Without using a calculator, what is the sum of digits of the numbers from $1$ to $10^n$?
Now, I'm familiar with the idea of pairing the numbers as follows:
$$\langle 0, 10^n -1 \rangle,\, \langle 1, 10^n - 2\rangle , \dotsc$$
The sum of digits of each pair is $9n$. How can I prove this property retains for all pairs?
On
Okay so the truly simple explanation is merely the fact that all those pairs sum to $999$ (i.e. in the case 0f $n=3$) . There's nothing more than that. In more details, one can see that this property is true for the first pair. Inductively, the next pair is made by increasing the first item by $1$ and decreasing the second by $1$, and so maintaining this property.
On
There is a constant pattern of nos. I will demonstrate it for 2 digit nos.
00 01 02 03 04 05 06 07 08 09
10 11 12 13 14 15 16 17 18 19
20 21 22 23 24 25 26 27 28 29 and it goes so on.
You can make a pattern of numbers for any digit nos.

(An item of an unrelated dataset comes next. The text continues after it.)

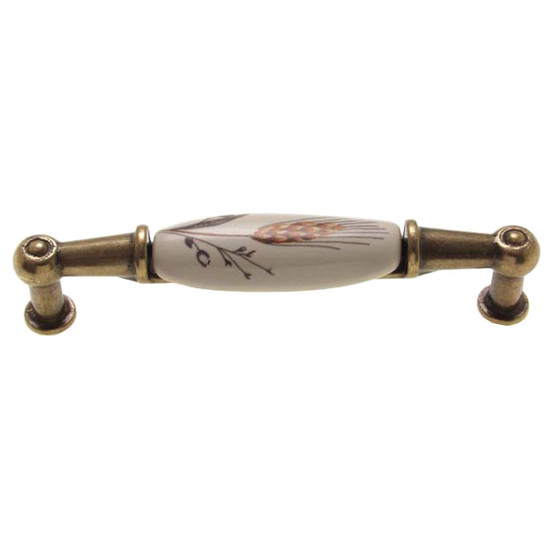 Fogantyú M01-01-81-04 96 Antik bronz-búzakalász porcelán Fogantyú M01-01-81-04 96 Antik bronz-búzakalász porcelán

Just add $0s$ before a number to make it of n-digit. Now due to this symmetrical pattern, all nos. 0,1,2,3,4. . . will be in equal amount.
Well, it's not too hard to figure out that the sum of digits of 0 or 1 to 9 is 45. That's very helpful, since that sequence will appear a bunch. Just add 1, and 46 is the sum of digits from 1 to 10 (or 0 to 10).
In a way, that and the base shifts are all you need I believe. Let's do 100. We're going to get 10 times 45 in the ones place, for all of the numbers. As for the tens place, it moves ten times slower - but they all still pair up ten times to make 45 (try doing 10 with 20 with 30, 11 with 21 with 31, etc). so the sum from 1 to 99 is 450 + 450 = 900, and then add 1 + 0 + 0 to get 901.
In general, it should be $ 45n 10^{n - 1} + 1 $, by the reasoning I have described.